Two or three cameras sending occasional crops was no problem. The pain started when crop volume exceeded what a single-image service could drain: one HTTP request per crop, no batch endpoint, no dynamic batching — each call a standalone PaddleOCR.ocr(image, cls=True) processed largely one after another.

Fleet size	What happened
2–3 cameras	Sporadic crops, sub-second end-to-end
20 cameras	Concurrent HTTP bursts, OCR queue forms
30 cameras × 25 FPS	Far beyond single-image throughput

inferenceMs stayed in the millisecond band, but queued requests waited seconds. And YOLO had already found the plate — yet PaddleOCR still ran full det → cls → rec on every crop.

What Worked, What Didn't

On a small fleet, the design had genuine strengths: per-camera fault isolation, simple onboarding (one line in plate_cams.txt), accurate OCR on single crops, and the right idea of cropping before OCR:

OCR_URL = "http://ocr-service.internal/ocr"
session.post(OCR_URL, files={"image": ("plate.jpg", jpeg_bytes, "image/jpeg")}, data={"lang": "en"})

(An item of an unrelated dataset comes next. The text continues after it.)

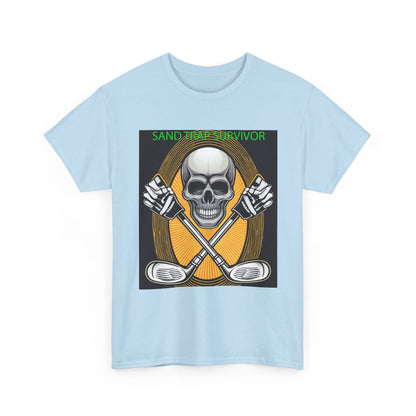 Golf Survivor Skull Tee, Unisex Heavy Cotton T-Shirt, Perfect Gift for Golf Lovers, Sports Apparel, Casual Wear, Skull Design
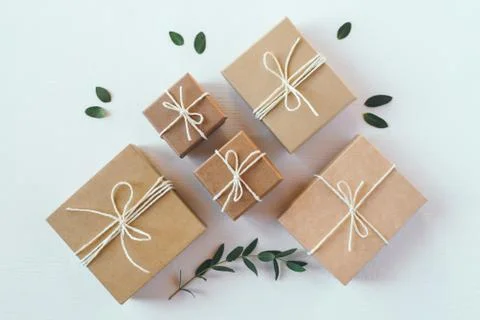 Craft gift boxes on white background. Stock Photos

At 20 cameras on one datacenter GPU, four structural limits collided:

Limit	What it meant
Isolated pipelines	20 processes × batch-1 YOLO engines in VRAM, no cross-camera batching
PCIe round-trip	Full frame GPU→CPU every probe tick, crop back to GPU for OCR
Monolithic OCR	`PaddleOCR.ocr()` det+cls+rec, no GPU batching
HTTP hot path	One crop per request into one PaddleOCR instance sharing GPU with 20 YOLO pipelines

The service kept running. GPU utilization hit ~94%. But there was no headroom for burst traffic, new models, or fleet expansion.

Where We Headed Next

The rebuild would keep what worked — YOLO plate detection, crop-then-OCR, Docker deployment — and fix what blocked scale:

Replace per-camera processes with true multistream batching (nvstreammux).
Keep tensors on the GPU through crop and into OCR.
Upgrade OCR to Paddle 3.x with real GPU batching.
Replace monolithic PaddleOCR.ocr() with a modular det→rec pipeline that still localizes text inside each YOLO crop.

2. The Rebuild

Four changes addressed the four limits from Part 1. Each maps to a concrete code path.

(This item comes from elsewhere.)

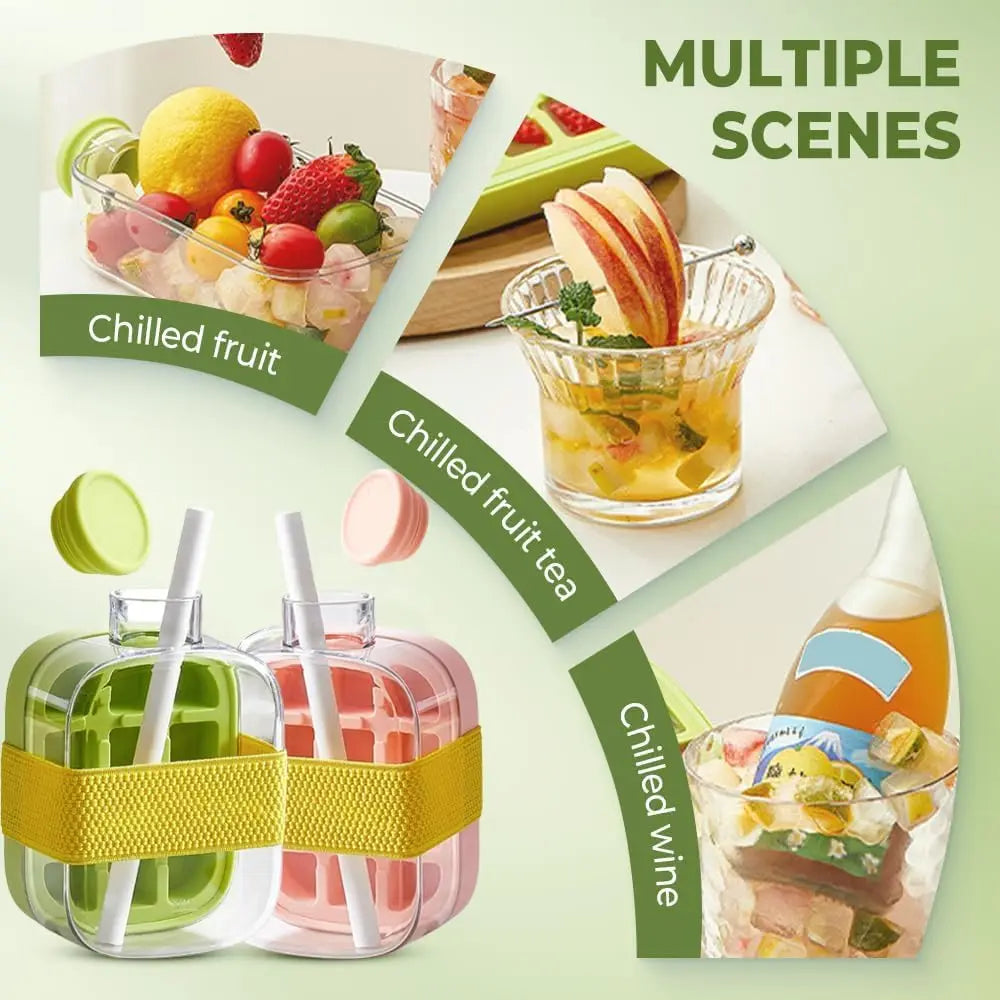 Cube Bottle, 2 in 1 Ice Cube Mold Water Bottle with Lid and Bin, Ice Bottle Cup, Easy Press to Release Vertical Ice Cube Tray wi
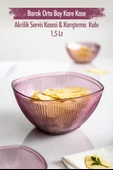 Akrilik Barok Mürdüm Orta Boy Kare Meyve & Salata Kasesi & Karıştırma Kabı / 1,5 Lt  (CAM DEĞİLDİR) - 1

Part 1 limit	Fix	Primary code
Isolated pipelines	Single multistream DeepStream service	`plate_multistream_service.py`
PCIe round-trip	Lazy ROI crop on unified GPU buffers	`plate_ws_service.py` (shared helpers)
Monolithic OCR, no batch	Paddle 3.x modular det→rec + GPU batch	`ocr-gpu-v3` (`ocr_service.py`)
HTTP hot path	Client-side batch collector + `POST /ocr/batch`	`plate_multistream_service.py` + OCR service

The entrypoint changed from a process supervisor to a single multistream daemon:

# Before
python3 plate_supervisor.py -f plate_cams.txt    # spawns N × plate_ws_service.py

# After
python3 plate_multistream_service.py -f plate_cams.txt

plate_supervisor.py still exists for per-camera deployments, but production scale runs one OS process with one shared DeepStream pipeline.

One Pipeline, N Cameras

plate_multistream_service.py replaces the fleet of isolated workers. All enabled cameras connect to one nvstreammux whose batch-size equals the active camera count. A single nvinfer instance loads one TensorRT engine and processes every stream in one batched kernel call.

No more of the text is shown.